Heart of Darkness by Joseph Conrad
Part III, Section 2 Summary (pages 134-145)
Marlow relates to the Russian the conversation he'd overheard while repairing the steamer—that the manager thought the Russian ought to be hanged. Marlow assures the Russian that Kurtz's reputation is safe with him, but is unsure of how truly he speaks. Marlow discovers Kurtz ordered the attack on the steamer in hopes of convincing them he was dead (which almost worked). Marlow gives ammunition to the Russian, who then makes his escape by way of canoe.
Marlow is awoken by a cry in the night, and sees that Kurtz is absent from the cabin. Rather than raise the alarm, Marlow follows his trail toward a fire where natives drum and chant. He cuts off Kurtz (who is crawling on all fours) and Kurtz tells him to hide himself. Marlow convinces him that if he goes to the fire he will be lost (though he believes him to be already). After some consideration of Kurtz's spiritual condition, Marlow helps him back to the cabin. In the morning, the natives fill the clearing again as the steamer departs with Kurtz. Three shaman-type natives appear to try to invoke and direct magic at the steamer. The witch-woman appears again and shouts at the steamer, which causes the rest of the natives to begin shouting as well. Marlow sees the "pilgrims" preparing to shoot so he sounds the steam whistle. All of the natives except for the woman flee, and the "pilgrims" start shooting.

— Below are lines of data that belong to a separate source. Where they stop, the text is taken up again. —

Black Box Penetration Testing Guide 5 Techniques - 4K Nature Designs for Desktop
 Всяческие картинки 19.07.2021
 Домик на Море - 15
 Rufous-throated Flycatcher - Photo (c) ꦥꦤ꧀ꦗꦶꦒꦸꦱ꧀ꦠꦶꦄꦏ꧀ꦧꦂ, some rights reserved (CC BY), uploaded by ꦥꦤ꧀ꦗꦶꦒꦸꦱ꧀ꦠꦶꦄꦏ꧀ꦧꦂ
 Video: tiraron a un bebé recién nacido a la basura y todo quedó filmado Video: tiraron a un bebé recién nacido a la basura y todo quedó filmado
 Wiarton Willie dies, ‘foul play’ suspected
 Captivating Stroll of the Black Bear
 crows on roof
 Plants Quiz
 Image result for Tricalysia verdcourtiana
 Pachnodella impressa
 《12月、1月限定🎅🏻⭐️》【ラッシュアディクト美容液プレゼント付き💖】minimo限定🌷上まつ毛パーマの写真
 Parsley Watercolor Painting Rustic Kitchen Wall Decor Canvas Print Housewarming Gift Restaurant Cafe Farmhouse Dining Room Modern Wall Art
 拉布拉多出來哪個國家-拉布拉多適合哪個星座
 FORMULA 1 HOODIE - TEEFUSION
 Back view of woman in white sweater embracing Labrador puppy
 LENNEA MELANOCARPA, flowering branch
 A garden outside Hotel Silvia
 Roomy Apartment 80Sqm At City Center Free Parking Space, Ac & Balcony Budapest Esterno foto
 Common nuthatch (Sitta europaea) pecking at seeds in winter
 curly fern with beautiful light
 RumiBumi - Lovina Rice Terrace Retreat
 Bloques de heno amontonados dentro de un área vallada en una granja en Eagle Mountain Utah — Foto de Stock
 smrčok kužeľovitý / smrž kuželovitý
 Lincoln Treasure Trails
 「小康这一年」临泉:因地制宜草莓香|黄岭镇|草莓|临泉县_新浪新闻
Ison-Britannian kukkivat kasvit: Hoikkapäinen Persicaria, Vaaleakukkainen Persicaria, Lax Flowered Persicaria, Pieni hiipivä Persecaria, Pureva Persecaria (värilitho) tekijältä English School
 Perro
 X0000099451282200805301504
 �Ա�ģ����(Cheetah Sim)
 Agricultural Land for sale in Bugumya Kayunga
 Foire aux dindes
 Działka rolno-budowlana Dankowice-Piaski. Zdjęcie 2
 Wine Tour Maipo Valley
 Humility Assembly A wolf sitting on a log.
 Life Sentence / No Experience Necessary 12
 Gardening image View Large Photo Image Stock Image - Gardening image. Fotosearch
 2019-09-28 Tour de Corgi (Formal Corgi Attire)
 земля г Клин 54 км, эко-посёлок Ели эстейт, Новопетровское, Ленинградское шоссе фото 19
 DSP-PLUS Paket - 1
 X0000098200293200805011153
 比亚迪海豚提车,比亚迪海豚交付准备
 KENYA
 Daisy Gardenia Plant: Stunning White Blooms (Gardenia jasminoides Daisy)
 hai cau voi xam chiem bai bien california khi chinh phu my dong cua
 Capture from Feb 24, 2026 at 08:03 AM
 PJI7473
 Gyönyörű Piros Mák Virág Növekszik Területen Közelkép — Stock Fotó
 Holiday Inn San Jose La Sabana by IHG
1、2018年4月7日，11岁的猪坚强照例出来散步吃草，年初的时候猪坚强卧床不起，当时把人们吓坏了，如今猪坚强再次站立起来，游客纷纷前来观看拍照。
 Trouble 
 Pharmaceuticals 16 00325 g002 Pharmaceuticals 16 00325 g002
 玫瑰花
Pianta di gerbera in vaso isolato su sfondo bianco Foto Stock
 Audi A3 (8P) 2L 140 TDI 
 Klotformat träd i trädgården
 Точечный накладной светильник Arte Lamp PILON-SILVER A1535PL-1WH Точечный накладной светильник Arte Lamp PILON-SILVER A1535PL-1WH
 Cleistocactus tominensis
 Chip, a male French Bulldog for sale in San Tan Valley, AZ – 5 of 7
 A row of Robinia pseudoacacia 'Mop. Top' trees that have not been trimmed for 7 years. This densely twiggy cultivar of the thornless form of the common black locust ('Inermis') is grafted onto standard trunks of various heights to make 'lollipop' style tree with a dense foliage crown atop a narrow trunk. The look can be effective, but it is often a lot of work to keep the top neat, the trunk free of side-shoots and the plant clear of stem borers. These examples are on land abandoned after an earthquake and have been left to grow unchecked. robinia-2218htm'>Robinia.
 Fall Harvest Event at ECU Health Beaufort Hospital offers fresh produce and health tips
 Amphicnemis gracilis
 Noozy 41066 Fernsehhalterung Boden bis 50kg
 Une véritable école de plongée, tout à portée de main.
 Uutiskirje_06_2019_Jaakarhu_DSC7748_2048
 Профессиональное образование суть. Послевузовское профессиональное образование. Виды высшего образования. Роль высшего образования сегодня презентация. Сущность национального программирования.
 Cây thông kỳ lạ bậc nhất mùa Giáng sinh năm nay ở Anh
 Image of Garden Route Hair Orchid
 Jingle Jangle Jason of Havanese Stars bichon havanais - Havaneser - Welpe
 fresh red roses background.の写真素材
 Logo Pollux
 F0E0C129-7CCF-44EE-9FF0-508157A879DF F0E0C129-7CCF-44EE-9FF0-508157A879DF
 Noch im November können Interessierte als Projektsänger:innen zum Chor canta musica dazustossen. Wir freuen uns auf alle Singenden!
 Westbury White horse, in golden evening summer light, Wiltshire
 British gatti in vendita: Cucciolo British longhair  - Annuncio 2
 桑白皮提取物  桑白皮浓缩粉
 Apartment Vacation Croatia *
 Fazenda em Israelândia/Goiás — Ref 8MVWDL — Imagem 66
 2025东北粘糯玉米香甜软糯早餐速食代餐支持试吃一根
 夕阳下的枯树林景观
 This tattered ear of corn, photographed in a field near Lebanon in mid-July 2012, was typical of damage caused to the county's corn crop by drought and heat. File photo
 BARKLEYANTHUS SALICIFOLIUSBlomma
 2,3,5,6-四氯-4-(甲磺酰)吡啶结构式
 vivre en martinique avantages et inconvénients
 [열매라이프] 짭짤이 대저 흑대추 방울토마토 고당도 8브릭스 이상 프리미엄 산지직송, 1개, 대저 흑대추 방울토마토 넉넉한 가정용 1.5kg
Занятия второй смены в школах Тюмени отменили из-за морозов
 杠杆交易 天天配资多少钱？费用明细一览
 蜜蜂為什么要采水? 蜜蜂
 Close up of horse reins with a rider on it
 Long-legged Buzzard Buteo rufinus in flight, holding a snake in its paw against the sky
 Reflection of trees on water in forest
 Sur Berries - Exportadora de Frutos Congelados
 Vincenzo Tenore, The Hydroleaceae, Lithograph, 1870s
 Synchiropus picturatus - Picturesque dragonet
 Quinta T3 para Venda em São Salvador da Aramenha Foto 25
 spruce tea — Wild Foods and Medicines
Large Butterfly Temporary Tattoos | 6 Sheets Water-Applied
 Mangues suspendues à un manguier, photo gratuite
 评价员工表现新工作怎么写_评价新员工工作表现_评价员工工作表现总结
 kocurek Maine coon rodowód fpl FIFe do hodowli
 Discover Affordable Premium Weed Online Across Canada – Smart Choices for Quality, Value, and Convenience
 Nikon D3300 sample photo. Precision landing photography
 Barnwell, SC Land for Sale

The steamer is borne quickly out of " 'the heart of darkness' " (141), and Kurtz draws quickly closer to death. Kurtz "discourses" about his struggles, his "Intended", his career, and his absurd plans. Kurtz gives Marlow a packet of papers and a photograph in order to conceal them from the manager. Kurtz has a " 'supreme moment of complete knowledge' " (144) before breathing his last words: "The horror! The horror!" (144). The literal dark grows more oppressive and fearsome to Marlow.